Gunars diz que seu pai não usaria nome verdadeiro no Brasil se fosse criminoso

Caminhoneiro, herdeiro de aviador diz que perseguição começou quando Herbert não quis vender a rede de pedalinhos que tinha no Rio

DA REPORTAGEM LOCAL

Gunars Cukurs reza todos os dias diante das imagens de Jesus Cristo, Santos Dumont e de seu pai, Herbert. Pendurados em ordem hierárquica em uma das paredes do galpão onde mora, às margens da represa Guarapiranga, em São Paulo, os retratos compõem um altar.
Próximo há vários retratos de Nossa Senhora de Fátima em um biombo. A referência não é em vão. A primeira casa dos Cukurs no Brasil, em Niterói (RJ), hoje é uma igreja em homenagem a Fátima. Em frente, um Buda, um chapéu de cangaceiro e uma estátua de Maria Bonita. "Meu pai é injustiçado como Jesus e Lampião", diz Gunars, cristão luterano.
Dentro do galpão ainda há um arquivo com relatos sobre as viagens de Herbert ao Japão e à Gâmbia, as medalhas recebidas após a Primeira Guerra Mundial como herói nacional da Letônia e recortes de jornais brasileiros que mostram a construção dos pedalinhos da lagoa Rodrigo de Freitas, no Rio, e as peripécias do aviador letão no Brasil. "Ninguém que voa pode ser um assassino. Aviadores são idealistas."
Viúvo, aos 76, o filho mais velho de Herbert ocupa boa parte do tempo com a reforma de seu caminhão e de um pequeno avião. Sem aposentadoria e sem dinheiro, continua caminhoneiro. Já o avião mantém a tradição familiar. O galpão onde Gunars mora, além de casa e museu, é oficina mecânica.

Os argumentos
Gunars é capaz de passar o dia defendendo o pai. Pela ordem, diz que, se Herbert fosse criminoso de guerra, não teria usado o nome verdadeiro no Brasil. Também afirma que o pai chegou com emprego certo e que nenhum criminoso aceitaria ter se exposto na imprensa e divulgado sua empresa.
Depois, diz que não há nada contra Herbert no tribunal de Nuremberg e que a polícia brasileira lhe deu documento em 1951 dizendo não haver nada contra ele, após acusações de que era nazista. "Não há prova nem processo contra meu pai."
Ele nega que Herbert fosse anti-semita e nazista.
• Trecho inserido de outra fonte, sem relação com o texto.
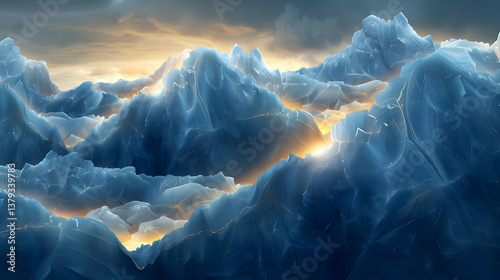 Obraz na płótnie A serene landscape of icy mountains illuminated by a warm, golden light. w salonie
Gunars diz que, com a família, seu pai trouxe uma judia da Europa, Miriam Kaitznen. Também diz que, pouco antes de ser assassinado, em 1965, Herbert teria jurado à família que nunca "sujou as mãos com sangue judeu".
"As palavras não são bonitas, mas é o jeito como meu pai falava", explica Gunars, que diz que o pai foi forçado a se juntar aos alemães para não ser morto na invasão da Letônia. "Como poderia ser nazista alguém que lutou contra os alemães na Primeira Guerra Mundial?"
Gunars conta que os problemas surgiram quando os pedalinhos da Rodrigo de Freitas prosperaram. O negócio surgiu em Icaraí (Niterói) e se expandiu para a Urca e Copacabana.
Segundo ele, Herbert recebeu proposta para vender os pedalinhos e recusou. No outro dia, sua casa apareceu pintada com inscrições chamando seu pai de nazista. Para sustentar a tese da conspiração, diz que as ofensas vieram acompanhadas de uma campanha dos "jornais comunistas". "Havia muitos interesses comerciais em jogo."
Gunars, 41 anos após a morte do pai, diz se orgulhar pelo patriarca ter sido um herói da aviação e por ter virado um brasileiro. Gunars afirma que uma das poucas vezes em que viu Herbert chorar, de alegria, foi quando os militares instituíram a ditadura de 1964. (MARIO CESAR CARVALHO e LEANDRO BEGUOCI)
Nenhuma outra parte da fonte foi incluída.